Mescidlere kadın-erkek herkes gece ve gündüz girebilir. Hz. Peygamber'in uygulaması hep böyle olmuştur. Kadınların mescidlere devam etmelerinin kısmen veya tamamen engellenmesi sonraki uygulamalardan biridir ve Peygamberimizin tavır ve talimatına aykırıdır. (Buharî, cumua 13; Müslim, salât, 137; Tirmizî, cumua 48; İbn Hanbel, 6/66, 90, 154) Pis kokular yayanların mescidlere girmeleri de yasaklanmıştır. Hz. Peygamber bu hususta öylesine titizdir ki; soğan, sarmısak gibi nahoş kokulu şeyler yiyenlerin mescidlere gelmelerini bile yasaklamıştır. (Buharî, ezan, 160; Müslim, mesâcid 68, 69, 71; İbn Mâce, ikamet 58; İbn Hanbel 2/20, 266, 429; 5/26)
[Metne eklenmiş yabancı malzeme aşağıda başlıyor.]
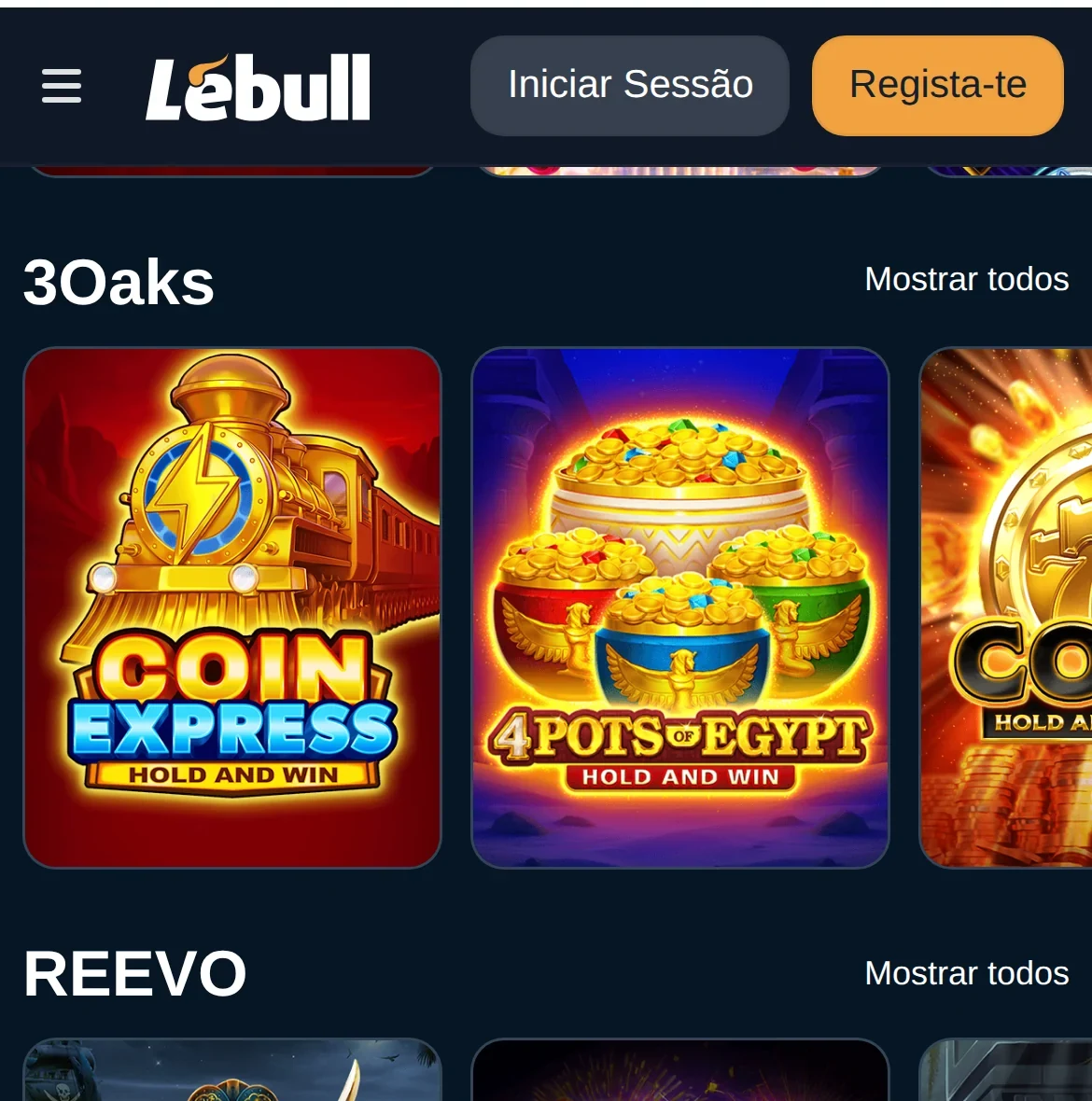 Slots dos fornecedores 3Oaks e REEVO no casino LeBull no telemóvel — licenciado pelo SRIJ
Mescit, geleneksel söylemin sloganlaştırdığı gibi, 'Allah'ın evi' falan değildir. Bir binadır. Öyle bir bina ki, içinde aynı zamanda secde de edilir. Bu çok yönlü hizmeti yüzündendir ki; insanların oraya daha fazla gelmeleri teşvik edilmiştir. Teşvikin gerekçesi sevap veya ibadette kalite değildir, toplumsal ve kültürel yarardır. Cünup olanlarla, âdet hali gören kadınların mescide girmelerinin yasaklandığına ilişkin hadisin (İbn Mâce, taharet 126) sağlıklı olmadığı tespit edilmiştir. Hatta, mesela, Dârimî'de, taharet bölümü 116 ve 117. bablar şu adı taşır: Âdet hali görmekte olanların mescide girmeleri ve cünup olanların mescidden geçmeleri. Bu bablarda bize yasaklayıcı hiçbir peygamber beyanı verilmez. Sahabîlerin beyanları ise bu konunun tartışmalı olduğunu gösteriyor. Cünup olanlarla âdet hali görmekte olanların, mescidden geçmesinde bir sakınca olmadığı tartışmasızdır. Tartışma, böyle birisinin mescidde bir süre kalıp kalamayacağı noktasındadır. Bir kısım sahabîler bunu normal karşılarken, bir kısmı sakıncalı bulmaktadır, (bk. Dârimî, 1/264-265)
Özelliği olan mescidler 2 tanedir: Mescid-i Haram, Mescid-i Nebî. Bu 2 mescid, Müslümanların evrensel mabetleri kabul edilir. Bu mabetlerin üstünlükleri, onların peygamberler eliyle kurulmalarından gelmektedir. İslam düşüncesi bu 2 mabet hakkında şu ana fikri taşımaktadır. "Mescid-i Haram" yani Kabe bütün varlıkların kıblesi, Mescid-i Nebi yani Ravza-i Mutahhara, takva üzerine kurulan Son Resul mabedidir.
Bugün, Mescid-i Aksa adıyla bilinen ve Hicrî 90'lı yıllarda Abdülmelik bin Mervân tarafından yaptırılan mescidin, Kur'an, İsra suresi 1. ayetteki 'mescid-i aksa' ile bir ilgisinin olmadığını tespit etmiş olduğumuz için (bk. burada, İsra mad.) onu Müslümanların evrensel mabetleri arasında saymıyoruz. O, bir Emevî yapımı binadır ki, onu, Kur'an'da anılan mescid-i aksa diye göstermek için sonraki zamanlarda bazı rivayetler uydurulmuş ve tarihsel açıdan tutarsız bazı kanaatlerin vücut bulmasına yol açılmıştır.